Now lets take some of the wonderful statements from this piece of shit petition and analyze them. The first statement that I found issue with is this. "In fact, President Obama's campaign—and those of the liberals who lead Congress—was in great part bankrolled by a small, zealous network of Hollywood liberals and gay activists." I am not sure how many gay activist you know, but most of the ones I do know personally do not have the funds to bankroll the president and all of those liberals in Congress. Second of all, as National Organization for Marriage and other right-winged organizations have proven, even if you throw money behind a candidate it doesn't mean he or she will get elected.

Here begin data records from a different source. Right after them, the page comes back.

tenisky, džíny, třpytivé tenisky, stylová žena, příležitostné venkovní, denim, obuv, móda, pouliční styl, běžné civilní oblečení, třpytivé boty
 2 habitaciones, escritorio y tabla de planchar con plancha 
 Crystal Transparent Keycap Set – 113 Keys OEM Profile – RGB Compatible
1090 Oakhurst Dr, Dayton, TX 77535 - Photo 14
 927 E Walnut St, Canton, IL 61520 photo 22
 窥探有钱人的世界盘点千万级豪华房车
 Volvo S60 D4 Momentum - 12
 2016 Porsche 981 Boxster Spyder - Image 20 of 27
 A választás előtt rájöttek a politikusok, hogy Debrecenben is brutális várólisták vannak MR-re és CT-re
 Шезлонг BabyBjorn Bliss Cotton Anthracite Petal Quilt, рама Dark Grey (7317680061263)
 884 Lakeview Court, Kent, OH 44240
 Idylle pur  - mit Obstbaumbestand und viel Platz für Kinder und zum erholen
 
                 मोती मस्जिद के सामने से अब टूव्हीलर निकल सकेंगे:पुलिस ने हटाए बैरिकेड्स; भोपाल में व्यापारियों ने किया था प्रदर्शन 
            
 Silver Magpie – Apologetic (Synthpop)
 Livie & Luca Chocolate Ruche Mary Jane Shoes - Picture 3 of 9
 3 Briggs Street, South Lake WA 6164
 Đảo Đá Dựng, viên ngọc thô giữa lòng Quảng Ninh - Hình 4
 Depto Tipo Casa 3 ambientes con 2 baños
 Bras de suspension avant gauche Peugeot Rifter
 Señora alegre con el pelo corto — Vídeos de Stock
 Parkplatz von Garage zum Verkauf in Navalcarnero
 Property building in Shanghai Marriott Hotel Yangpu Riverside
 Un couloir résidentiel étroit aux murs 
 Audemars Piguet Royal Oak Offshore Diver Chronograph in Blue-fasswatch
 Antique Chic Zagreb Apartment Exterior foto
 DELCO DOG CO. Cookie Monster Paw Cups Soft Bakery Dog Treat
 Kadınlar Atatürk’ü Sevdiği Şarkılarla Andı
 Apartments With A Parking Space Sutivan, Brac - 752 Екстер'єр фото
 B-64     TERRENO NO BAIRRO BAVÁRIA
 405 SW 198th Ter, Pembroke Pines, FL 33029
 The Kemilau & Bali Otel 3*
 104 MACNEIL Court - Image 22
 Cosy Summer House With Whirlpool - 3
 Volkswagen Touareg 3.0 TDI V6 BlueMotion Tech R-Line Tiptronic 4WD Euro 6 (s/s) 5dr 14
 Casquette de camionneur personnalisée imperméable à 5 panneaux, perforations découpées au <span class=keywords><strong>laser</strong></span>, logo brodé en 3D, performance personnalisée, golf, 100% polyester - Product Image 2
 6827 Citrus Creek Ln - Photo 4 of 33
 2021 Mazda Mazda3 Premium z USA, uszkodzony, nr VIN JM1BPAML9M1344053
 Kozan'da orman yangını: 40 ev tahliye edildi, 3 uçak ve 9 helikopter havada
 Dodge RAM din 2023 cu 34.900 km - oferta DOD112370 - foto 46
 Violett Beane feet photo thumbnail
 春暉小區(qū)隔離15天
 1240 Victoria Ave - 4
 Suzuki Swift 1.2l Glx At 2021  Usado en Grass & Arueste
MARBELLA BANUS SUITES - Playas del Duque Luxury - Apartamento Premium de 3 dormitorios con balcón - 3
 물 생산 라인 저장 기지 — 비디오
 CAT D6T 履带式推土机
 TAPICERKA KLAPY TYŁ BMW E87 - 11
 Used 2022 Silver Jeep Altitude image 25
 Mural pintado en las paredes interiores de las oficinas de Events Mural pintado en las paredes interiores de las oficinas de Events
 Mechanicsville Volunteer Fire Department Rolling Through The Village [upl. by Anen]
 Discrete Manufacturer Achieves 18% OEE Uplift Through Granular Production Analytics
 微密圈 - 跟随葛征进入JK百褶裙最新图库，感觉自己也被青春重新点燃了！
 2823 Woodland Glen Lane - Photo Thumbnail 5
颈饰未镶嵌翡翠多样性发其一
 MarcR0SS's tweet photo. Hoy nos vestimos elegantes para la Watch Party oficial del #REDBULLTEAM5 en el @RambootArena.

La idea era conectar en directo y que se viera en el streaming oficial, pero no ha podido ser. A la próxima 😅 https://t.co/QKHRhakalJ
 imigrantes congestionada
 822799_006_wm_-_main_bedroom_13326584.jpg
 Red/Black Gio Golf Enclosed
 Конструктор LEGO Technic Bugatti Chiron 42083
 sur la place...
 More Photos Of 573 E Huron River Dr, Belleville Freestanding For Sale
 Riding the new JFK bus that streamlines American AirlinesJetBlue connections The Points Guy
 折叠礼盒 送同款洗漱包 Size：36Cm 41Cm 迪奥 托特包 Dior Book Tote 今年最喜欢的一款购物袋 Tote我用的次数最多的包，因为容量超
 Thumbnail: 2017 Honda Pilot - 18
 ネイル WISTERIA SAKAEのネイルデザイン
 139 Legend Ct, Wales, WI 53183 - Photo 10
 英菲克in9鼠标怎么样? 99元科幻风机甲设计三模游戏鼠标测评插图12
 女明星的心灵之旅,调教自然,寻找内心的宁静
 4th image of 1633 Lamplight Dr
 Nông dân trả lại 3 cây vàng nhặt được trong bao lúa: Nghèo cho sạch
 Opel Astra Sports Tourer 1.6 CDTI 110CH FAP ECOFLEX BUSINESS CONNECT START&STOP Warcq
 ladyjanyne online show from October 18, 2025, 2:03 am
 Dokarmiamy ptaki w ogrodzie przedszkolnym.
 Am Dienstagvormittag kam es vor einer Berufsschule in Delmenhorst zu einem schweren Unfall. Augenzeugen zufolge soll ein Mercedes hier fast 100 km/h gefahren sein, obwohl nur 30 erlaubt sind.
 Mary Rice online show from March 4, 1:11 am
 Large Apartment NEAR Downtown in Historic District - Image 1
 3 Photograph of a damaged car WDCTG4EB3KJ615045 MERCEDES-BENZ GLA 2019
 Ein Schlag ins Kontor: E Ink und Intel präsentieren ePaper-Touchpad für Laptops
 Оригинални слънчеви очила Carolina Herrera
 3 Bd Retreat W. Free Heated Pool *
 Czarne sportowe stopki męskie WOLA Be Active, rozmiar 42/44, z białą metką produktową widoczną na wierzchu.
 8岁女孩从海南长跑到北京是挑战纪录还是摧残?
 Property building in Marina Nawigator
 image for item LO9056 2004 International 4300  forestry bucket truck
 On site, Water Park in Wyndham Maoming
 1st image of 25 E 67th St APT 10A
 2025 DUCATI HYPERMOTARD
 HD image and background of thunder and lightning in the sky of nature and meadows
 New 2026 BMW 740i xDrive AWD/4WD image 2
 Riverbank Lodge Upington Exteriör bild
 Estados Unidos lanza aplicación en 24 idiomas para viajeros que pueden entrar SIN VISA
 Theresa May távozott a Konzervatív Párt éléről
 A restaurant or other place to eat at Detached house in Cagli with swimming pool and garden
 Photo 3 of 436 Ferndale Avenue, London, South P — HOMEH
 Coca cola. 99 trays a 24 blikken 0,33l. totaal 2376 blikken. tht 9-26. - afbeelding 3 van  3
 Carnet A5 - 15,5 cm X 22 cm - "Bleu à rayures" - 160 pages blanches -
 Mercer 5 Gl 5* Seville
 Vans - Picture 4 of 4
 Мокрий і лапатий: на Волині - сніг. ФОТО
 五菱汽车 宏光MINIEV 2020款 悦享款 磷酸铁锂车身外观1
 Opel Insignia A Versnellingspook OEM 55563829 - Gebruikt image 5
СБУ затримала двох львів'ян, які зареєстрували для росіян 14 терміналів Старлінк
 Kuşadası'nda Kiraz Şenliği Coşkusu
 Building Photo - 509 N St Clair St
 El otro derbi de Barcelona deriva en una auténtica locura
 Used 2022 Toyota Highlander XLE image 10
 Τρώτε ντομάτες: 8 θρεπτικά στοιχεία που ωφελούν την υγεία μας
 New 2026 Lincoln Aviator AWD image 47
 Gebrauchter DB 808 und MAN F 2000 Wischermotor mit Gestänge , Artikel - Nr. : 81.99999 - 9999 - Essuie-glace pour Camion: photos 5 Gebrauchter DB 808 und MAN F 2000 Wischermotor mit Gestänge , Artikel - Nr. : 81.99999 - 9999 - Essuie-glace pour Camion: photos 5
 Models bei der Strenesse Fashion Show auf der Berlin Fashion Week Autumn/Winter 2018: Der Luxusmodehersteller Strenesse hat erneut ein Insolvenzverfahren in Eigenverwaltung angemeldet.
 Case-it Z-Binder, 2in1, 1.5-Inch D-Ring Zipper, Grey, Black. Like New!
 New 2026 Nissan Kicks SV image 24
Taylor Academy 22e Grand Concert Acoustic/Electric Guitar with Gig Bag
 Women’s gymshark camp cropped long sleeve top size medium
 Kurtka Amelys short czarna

Should I point out that they bankrolled Sarah Palin and where did it get her!!!!!

Next statement; "While you and I concentrate on raising our families, paying our taxes, and going to church, this elite has been plotting to take away our right to define marriage as a husband and a wife . . . and then to use legalized gay marriage to indoctrinate our children and violate our religious freedoms. " WHAT THE FUCK!!!!! So us sinning homosexuals don't concentrate on raising our families, paying our taxes, and even going to church (yes even homosexuals go to church)!!!! Oh no according to these wack jobs, we are probably sitting in cold dark rooms plotting ways to ruin their marriages (like their adultery or abuse isn't doing that for them), indoctrinate their children into our sick world of sin. We are even going to force them to give up the religious freedoms they so cowardly hide behind and can only defend parts of because the rest doesn't interest them. I am sorry to inform those of my readers whom believe like them, but us homosexuals do concentrate on our families every day. And just because you might not think that we are a family doesn't make us less of one. Us homosexuals pay our taxes like everyone else. Some of us even attend church on a regular basis. The one thing I will have to agree with you on is that some of us are fighting to change the definition of marriage, but not to take your rights away but to add our rights as an American citizen to it. Lastly, drop the scare tactics! Homosexuals are not going to indoctrinate your children, if anyone is going to do anything to your child it is a good bet it is either going to be either you or their uncle Fred.

This next statement makes me laugh; "They will attack anyone who gets in their way as a bigot—and try to strip them of their rights." Correct me if I am wrong but isn't that exactly what the National Organization for Marriage is doing to the Homosexual community? I mean they attack us by saying that we are going to indoctrinate their children, they deny us the same legal protection under the law. To them we are second class citizens whom don't deserve the same rights as them.

"Without DOMA, more school kids will be taught that people who think marriage is between a husband and a wife are bigots." Again with the fucking fear mongering. They need to stop being bigots themselves, the hypocrites! So it is okay to teach your children that it is alright to hate homosexuals, but it isn't alright to teach them to be open minded about people whom may be different then themselves. That makes no sense to me!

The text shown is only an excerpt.